On page 17 of the December issue of RT Book reviews, Fan Forum, a few paragraphs posed the question of what 2010 might bring to the e-book market. Like many of you, I'm delighted when I see Sony advertising their readers on TV. A few weeks ago, my local Borders had a display only steps inside the door featuring the Sony reader. Apparently Best Buy will have e-readers in stock for the holiday rush. Hopefully many desperate or impulse buyers will have lots of bucks in their pockets.
Even with the increased advertising, availability and variety of readers out there, the same problem exists for all of them. The price. In today's economic climate, how many consumers will justify spending a couple of hundred dollars on a device to read books? Though I and many of my friends believe books to be a necessity, they really don't rank up there with food and shelter. And like computers, digital cameras, cell phones and all those other clever gadgets of advanced technology, you're likely to find a new, improved, super-duper, faster model of your chosen reader on the market before you even figure out how all the capabilities of the one you purchased for the price of a car payment.

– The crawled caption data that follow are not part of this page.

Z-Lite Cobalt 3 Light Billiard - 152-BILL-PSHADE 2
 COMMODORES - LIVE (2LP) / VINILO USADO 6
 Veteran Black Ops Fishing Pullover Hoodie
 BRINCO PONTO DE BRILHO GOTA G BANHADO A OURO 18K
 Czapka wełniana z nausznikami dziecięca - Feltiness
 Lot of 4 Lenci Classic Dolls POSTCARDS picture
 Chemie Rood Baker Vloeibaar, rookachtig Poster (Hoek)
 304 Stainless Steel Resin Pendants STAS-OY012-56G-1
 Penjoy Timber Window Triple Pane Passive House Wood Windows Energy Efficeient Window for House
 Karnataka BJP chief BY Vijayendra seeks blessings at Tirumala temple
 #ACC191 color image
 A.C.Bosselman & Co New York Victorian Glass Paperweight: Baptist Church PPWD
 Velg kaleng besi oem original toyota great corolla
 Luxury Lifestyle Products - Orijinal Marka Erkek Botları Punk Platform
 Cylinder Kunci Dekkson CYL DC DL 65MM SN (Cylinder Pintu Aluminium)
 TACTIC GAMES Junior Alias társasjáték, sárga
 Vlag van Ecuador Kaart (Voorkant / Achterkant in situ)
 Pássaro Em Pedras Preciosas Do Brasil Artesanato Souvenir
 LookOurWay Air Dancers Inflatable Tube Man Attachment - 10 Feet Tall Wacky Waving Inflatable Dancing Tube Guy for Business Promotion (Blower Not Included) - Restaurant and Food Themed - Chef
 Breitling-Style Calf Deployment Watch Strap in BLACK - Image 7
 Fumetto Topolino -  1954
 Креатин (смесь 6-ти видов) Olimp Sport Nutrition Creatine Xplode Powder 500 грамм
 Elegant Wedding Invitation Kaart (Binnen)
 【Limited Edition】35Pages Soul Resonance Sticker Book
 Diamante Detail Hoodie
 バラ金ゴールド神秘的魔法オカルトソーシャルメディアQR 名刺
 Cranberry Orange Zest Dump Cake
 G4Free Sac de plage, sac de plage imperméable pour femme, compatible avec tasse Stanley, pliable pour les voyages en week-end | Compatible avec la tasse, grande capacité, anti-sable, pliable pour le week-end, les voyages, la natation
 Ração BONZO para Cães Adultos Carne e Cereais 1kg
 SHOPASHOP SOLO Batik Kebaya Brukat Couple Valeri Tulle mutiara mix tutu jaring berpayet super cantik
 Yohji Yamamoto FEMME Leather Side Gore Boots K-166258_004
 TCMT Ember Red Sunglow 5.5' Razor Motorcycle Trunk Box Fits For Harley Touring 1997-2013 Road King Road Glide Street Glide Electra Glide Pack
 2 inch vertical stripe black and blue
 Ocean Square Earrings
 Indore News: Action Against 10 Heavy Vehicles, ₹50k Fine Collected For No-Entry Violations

Why aren't e-readers getting cheaper? The competition expands each day. Shouldn't the price come down as the manufacturers compete for the consumers dollars?
I suspect part of the problem is the lack of great sales. They haven't sold enough to saturate the market so they keep the price high to pay for R&D costs. But by keeping the price high, they may never sell enough. It's a circle puzzle.
I still don't have an e-reader, and I really want one. With two children in college, I'm one of those poor consumers waiting for the prices to come down.
What is your theory on the enduring high price of e-readers?